Film franco-suisse de Frédéric Mermoud (2023), avec Suzanne Jouannet, Marie Colomb, Maud Wyler, Marilyne Canto, Lorenzo Lefebvre, Cyril Metzger, Alexandre Desrousseaux, Antoine Chappey, Matthieu Rozé, Anne Loiret, Thomas Snégaroff, Vincent Winterhalter… 1h47. Sortie le 9 août 2023.

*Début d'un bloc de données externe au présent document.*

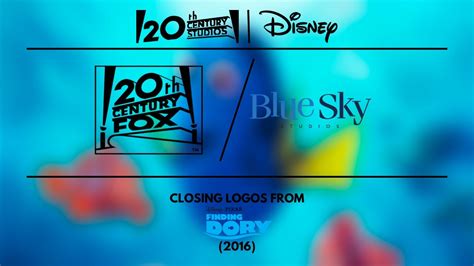 After Credits 20th Century Fox Blue Sky Studios 2016 Youtube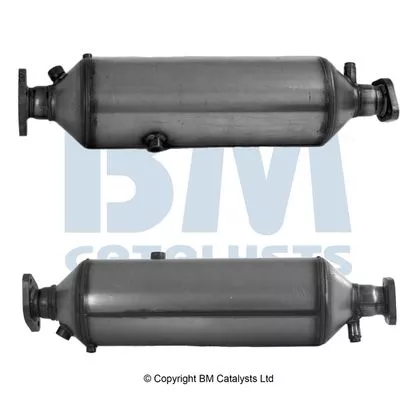BM Catalysts Soot/Particulate Filter exhaust system BM11080H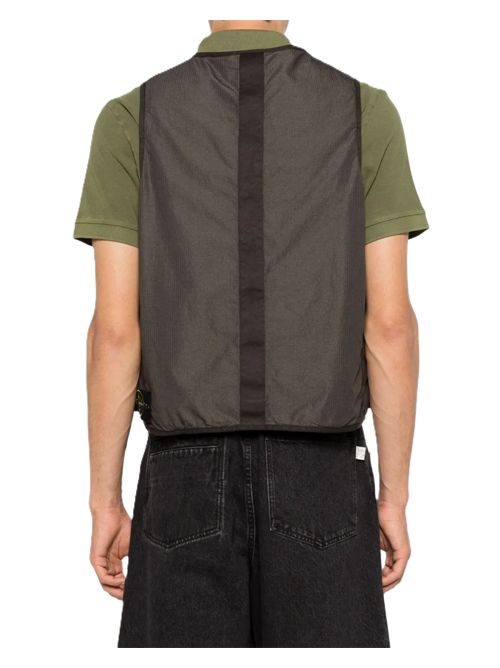 Stone Island gilet pockets zip Stone Island | L1S15G100006S0318V0065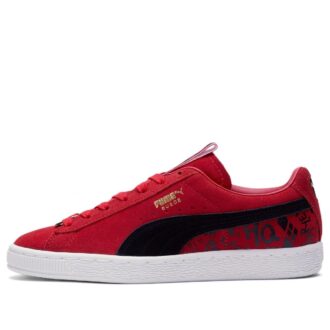 (WMNS) DC Comics x Suede «Harley Quinn»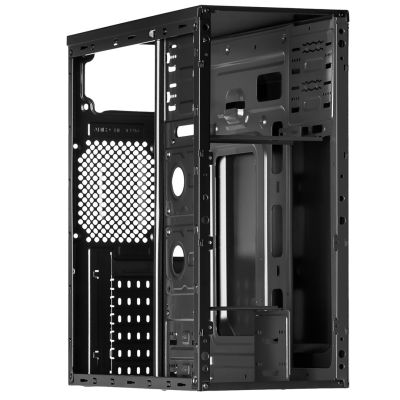 5. Obudowa Akyga AK13BK (ATX, Micro ATX, Mini ATX, Mini ITX; kolor czarny)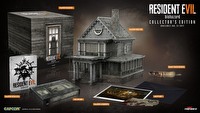 Edycja kolekcjonerska Resident Evil VII: Biohazard zawiera palec i replikę domu Bakerów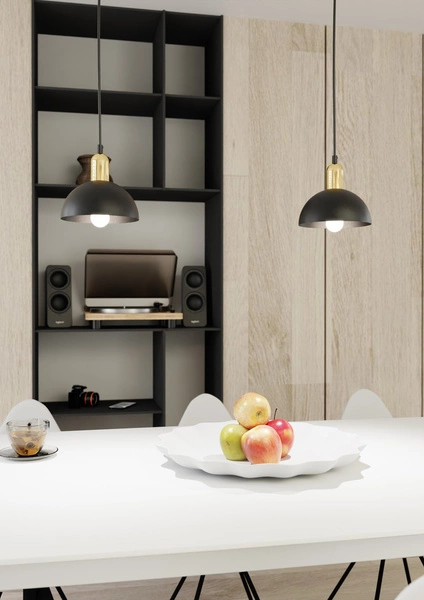 Lampa wisząca Emibig MOTO 1 BL 1386/1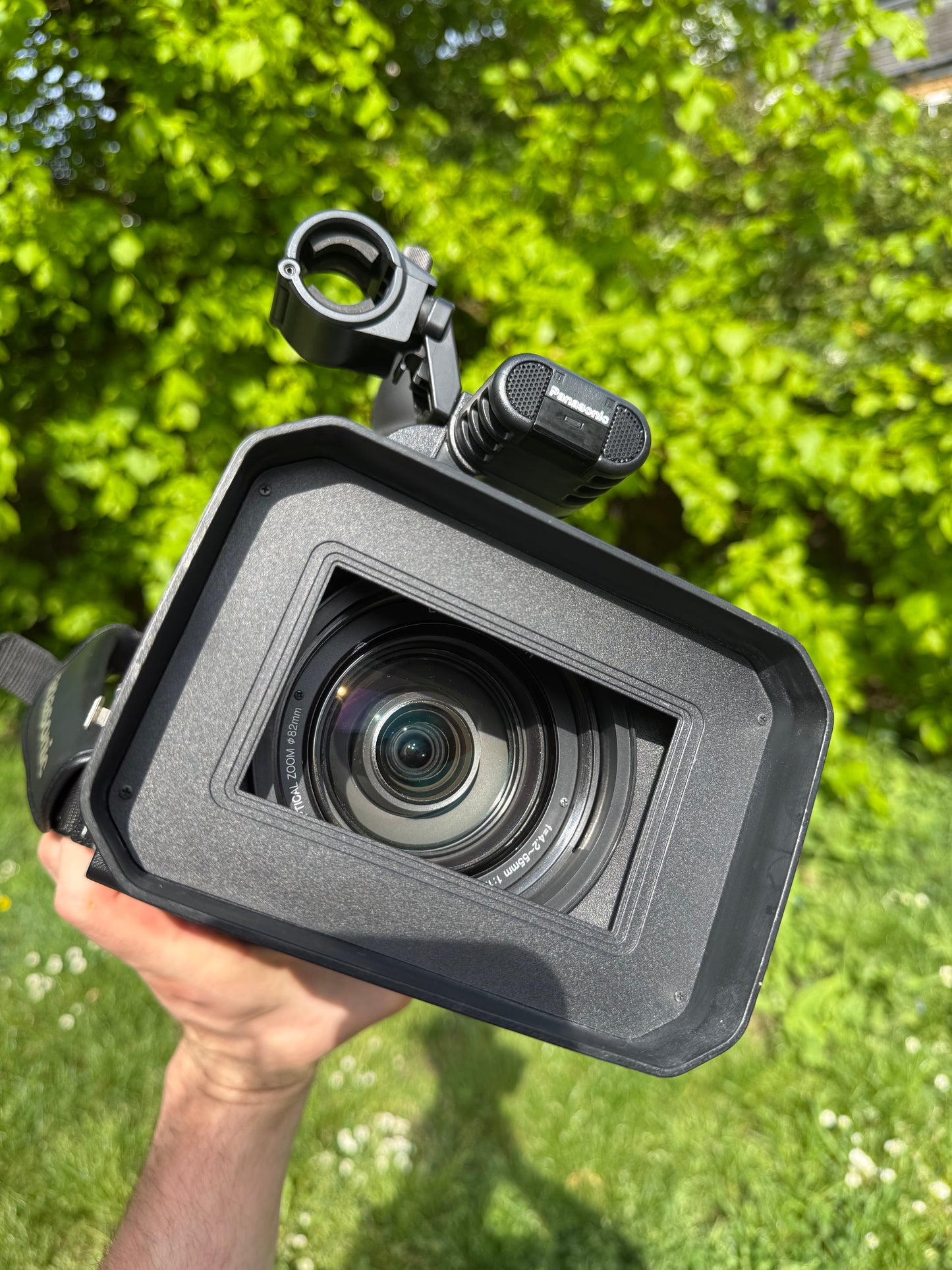 Panasonic HVX200 P2 Mini DV Video Camera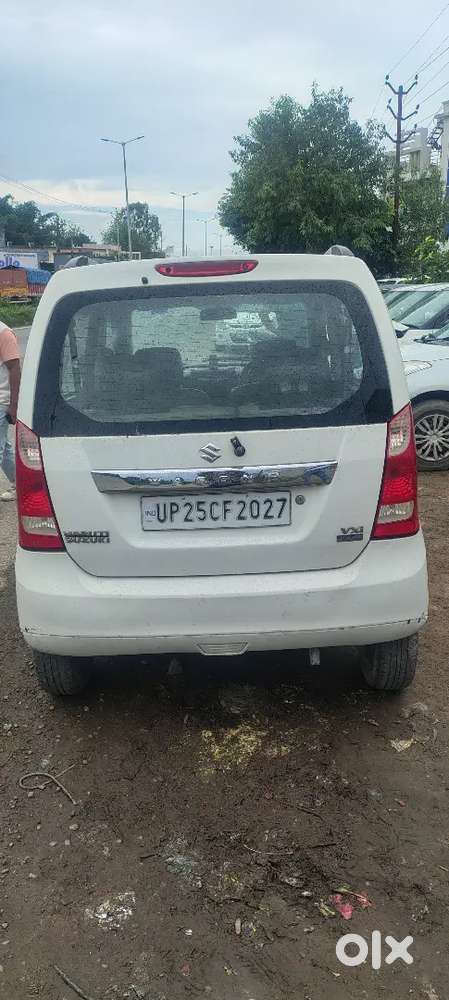 Maruti Suzuki Wagon R 2018 Vxi Amt Petrol/lpg Pass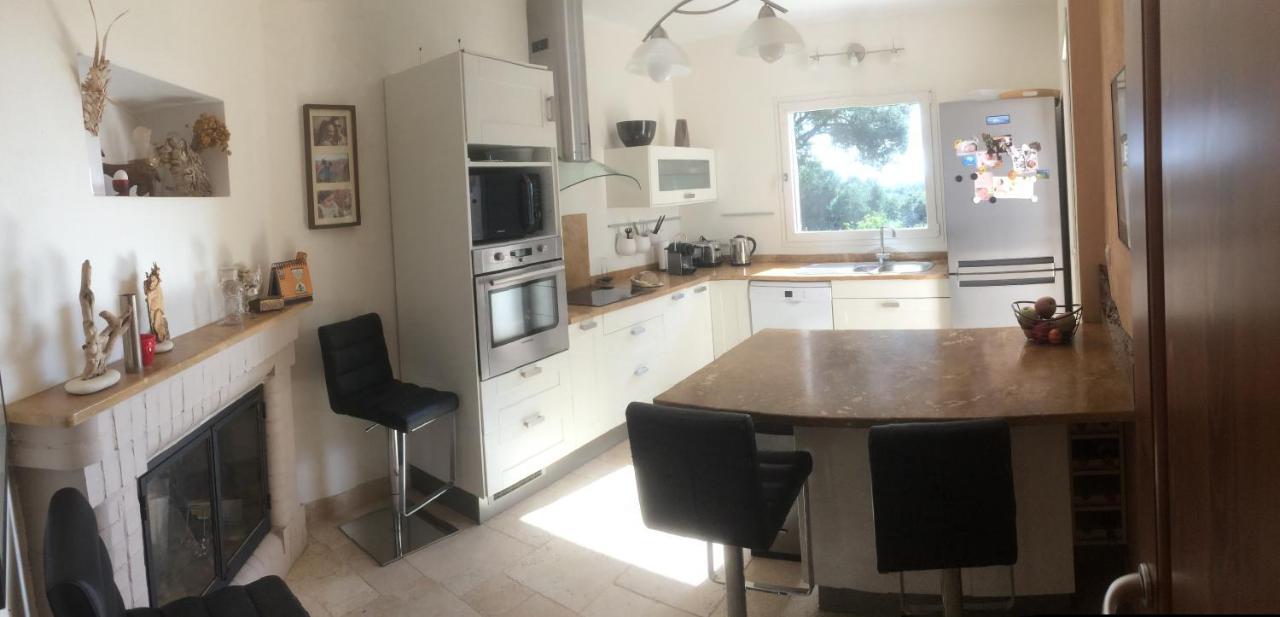 Bonifacio, Maison 90M² Sous Les Oliviers, Vue Sardaigne Bonifacio  Exterior foto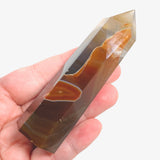 Carnelian point 100-130g CNG-130 - Nature's Magick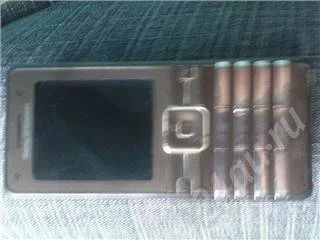 Лот: 343742. Фото: 1. Se K770 неисправный. Кнопочные мобильные телефоны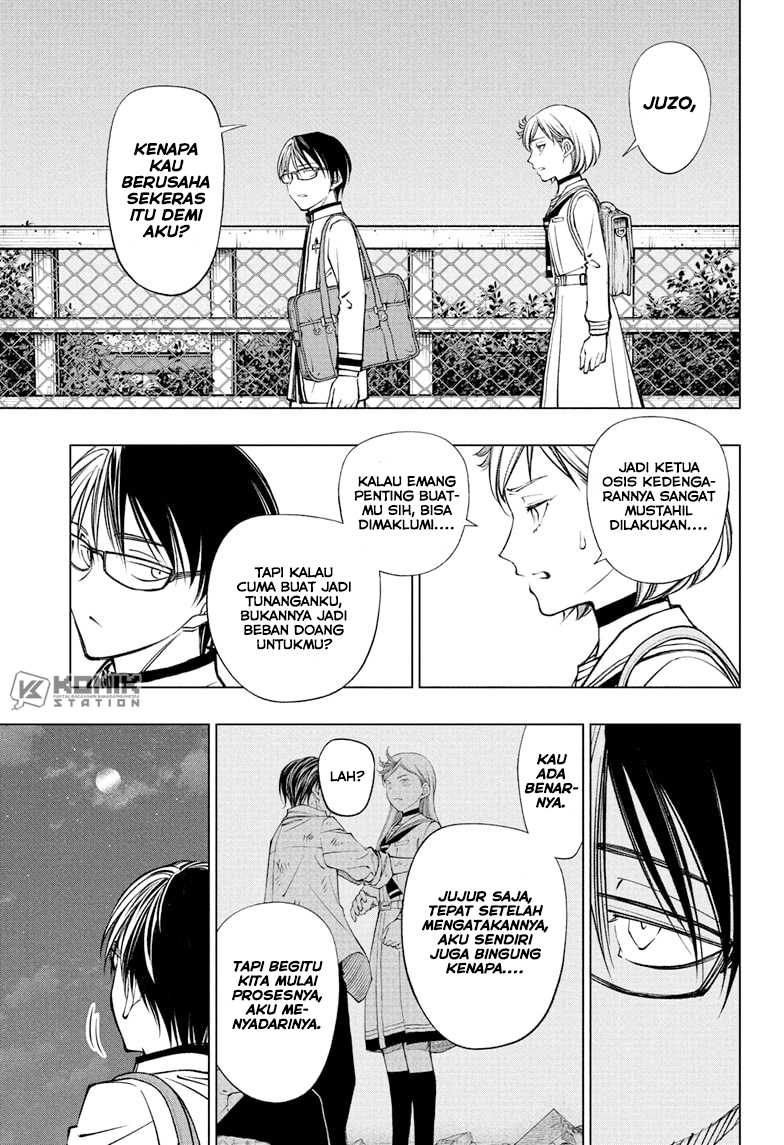 Kill Blue Chapter 92 Gambar 14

Suzanne Jouannet et Marie Colomb
Le cinéma n’en aura décidément jamais terminé avec le système éducatif comme machine à façonner les élites en séparant le bon grain supposé de l’ivraie présumée. Une fille d’agriculteurs poussée par ses enseignants à exploiter ses capacités décide de se battre pour intégrer Polytechnique et briser la fatalité qui semble peser sur sa famille, en sortant du lot. Une épreuve de vérité, dans la mesure où elle se trouve confrontée au poids de la reproduction sociale dans un univers impitoyable qui brise les vocations davantage qu’il ne semble véritablement les encourager. Le réalisateur suisse Frédéric Mermoud décrit sans concessions cette fabrique des esprits qui pérennise des méthodes d’un autre âge et perpétue des pratiques humiliantes et parfois vexatoires en soumettant les étudiants à une discipline de fer dont l’objectif consiste à sélectionner les plus vaillants, mais aussi par extension les plus aptes à se soumettre à un système. Avec cette discipline stricte qu’implique l’excellence. La voie royale s’attache au conditionnement de ces jeunes gens appelés à naviguer dans les plus hautes sphères de l’État, quitte à sacrifier beaucoup pour obtenir encore plus. Un constat implacable vu à travers le parcours de ces élèves des classes préparatoires soumis à rude épreuve et départagé non pas sur leurs connaissances, mais sur leur capacité à résister à la pression et à se soumettre au système. Un pacte avec le diable qui ne dit jamais tout à fait son nom.
Maud Wyler
Comme Grave (2016) de Julia Ducournau et Première année (2018) de Thomas Lilti, La voie royale met en évidence le fonctionnement d’un système qui broie, humilie et malmène pour mieux former de nouvelles générations de bons petits soldats corvéables à merci. Un univers régi par une endogamie qui exclut davantage qu’elle n’assimile. Avec à la clé l’illusion de la réussite assortie d’une soumission de l’individu à un collectif au fond moins propice à l’épanouissement qu’à l’embrigadement. Cette fille de la campagne qui se frotte à un monde impitoyable est campée par Suzanne Jouannet avec juste ce qu’il faut d’innocence et de détermination pour souligner sa position inconfortable d’intruse dans un monde trop codifié pour être tout à fait bienveillant. Avec comme but ultime une place au soleil de la méritocratie. Un thème dans l’air du temps qui a également inspiré à Anna Novion son troisième long métrage, Le théorème de Marguerite, à l’affiche en novembre prochain, dans lequel une étudiante en mathématiques surdouée se trouve confrontée à une crise de foi vis à vis d‘un don qui lui échappe et l’empêche de s’épanouir. Un phénomène de société que Frédéric Mermoud confronte au poids de la méritocratie et qui rejoint des préoccupations très actuelles, à travers les différents protagonistes de son film parmi lesquels son héroïne apparaît comme une sorte de cas d’école (c’est le cas de le dire !) et tranche avec ses camarades par son parcours atypique et le sentiment de ne pas être tout à fait à sa place qui la ronge. Il n’est pas donné à n’importe qui d’avoir la détermination d’un Rastignac.